» **Your goal**
Extract every line between the one with "Buy Cunna Pretty" and the end of the entries, both included, word for word and free of pictures.

» **Listed entries**
□ □ □ □
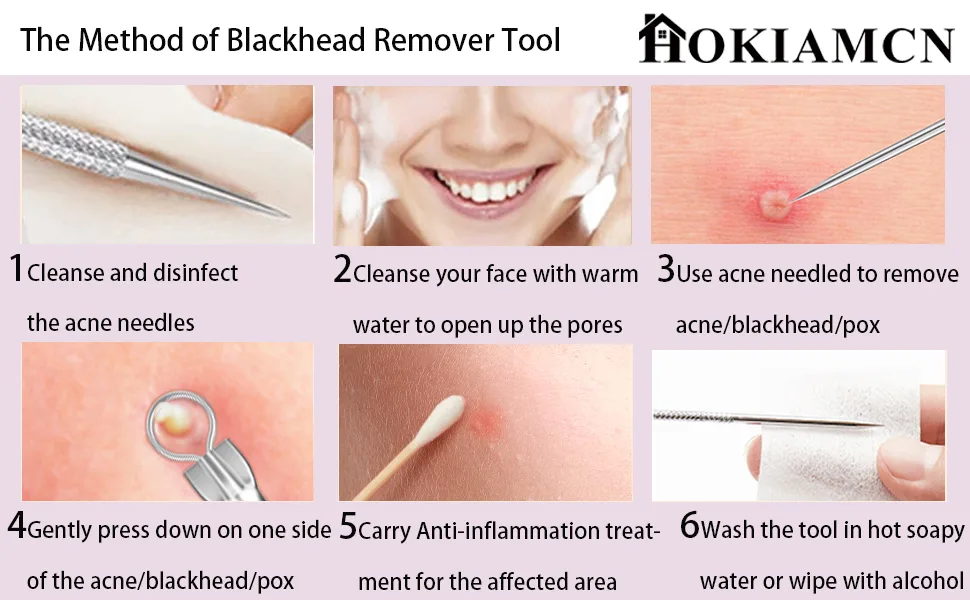 4 -pack remover remover comedone squeezer set Ellolife Blackhead Remover with box made of stainless steel acne white white shears remote kit for all skin types (silver) - DE4PA06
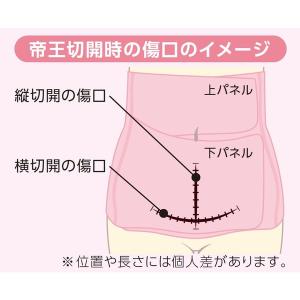 オオサキメディカル dacco 帝王切開用伸縮...の詳細画像5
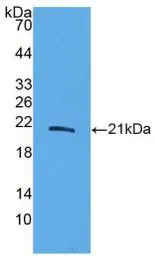 Human IL20 protein, His tag (active). GTX00137-pro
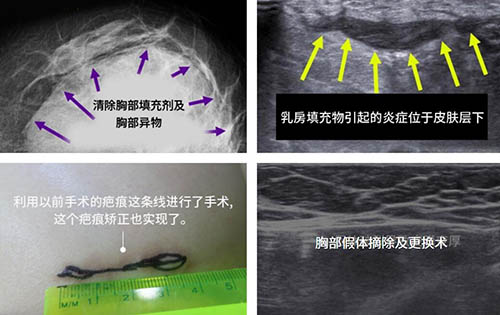 韩国shinyu整形外科胸部修复手术示意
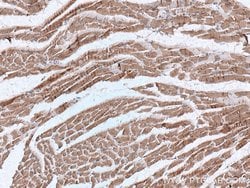 Cardiac Troponin I Mouse anti-Human, Mouse, Rat, Clone: 1D5D6, Proteintech:Anticuerpos:Anticuerpos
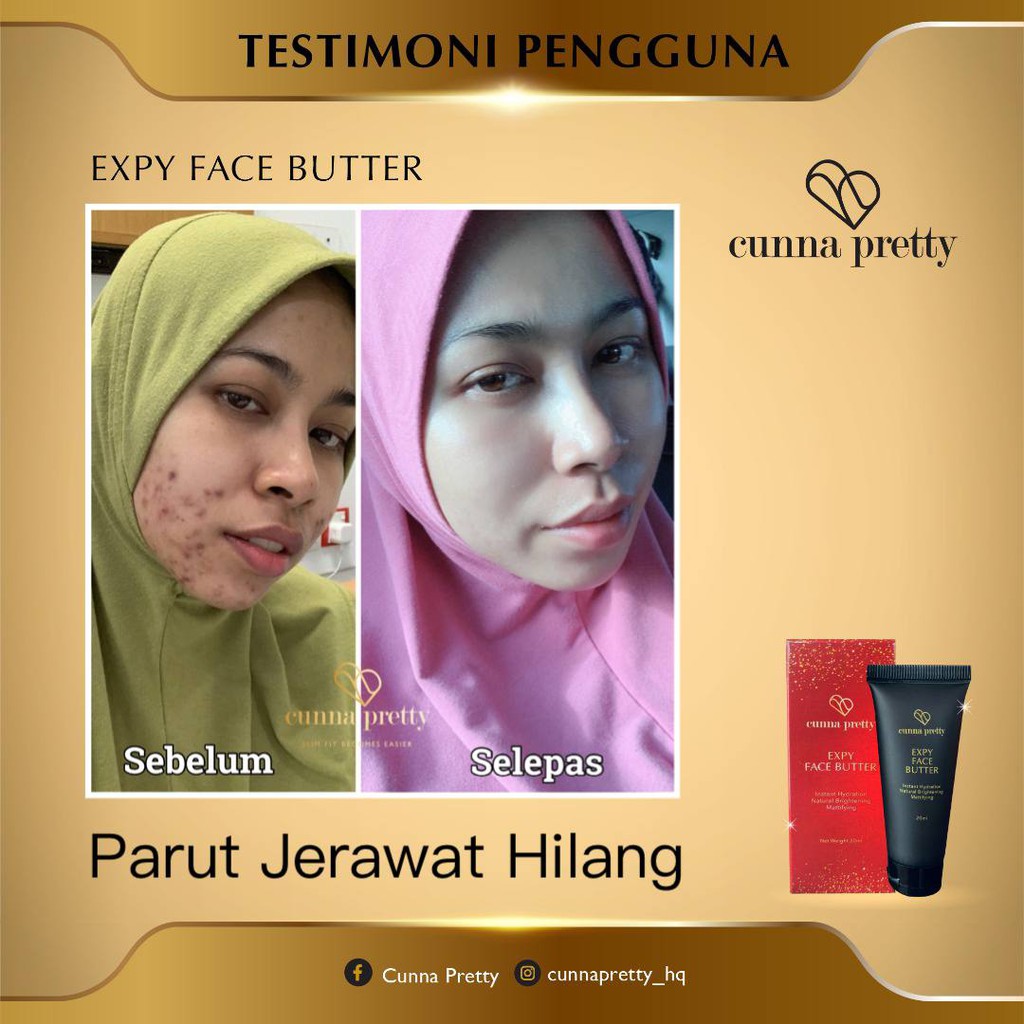 Buy Cunna Pretty Expy Face Butter 5 Free Gift Kulit Jeragat Parut Kusam Kering Jerawat Batu Seetracker Malaysia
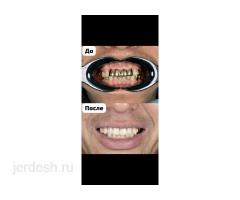 ВРАЧ СТОМАТОЛОГ-ИМПЛАНТОЛОГ. КАЧЕСТВО✅  ГАРАНТИЯ✅  БЕЗБОЛЕЗНЕННО ✅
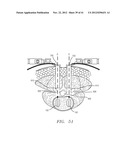 Prosthetic Intervertebral Disc Implants diagram and image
□ □ □ □
» **Task answer**
 Buy Cunna Pretty Expy Face Butter 5 Free Gift Kulit Jeragat Parut Kusam Kering Jerawat Batu Seetracker Malaysia
 ВРАЧ СТОМАТОЛОГ-ИМПЛАНТОЛОГ. КАЧЕСТВО✅  ГАРАНТИЯ✅  БЕЗБОЛЕЗНЕННО ✅
 Prosthetic Intervertebral Disc Implants diagram and image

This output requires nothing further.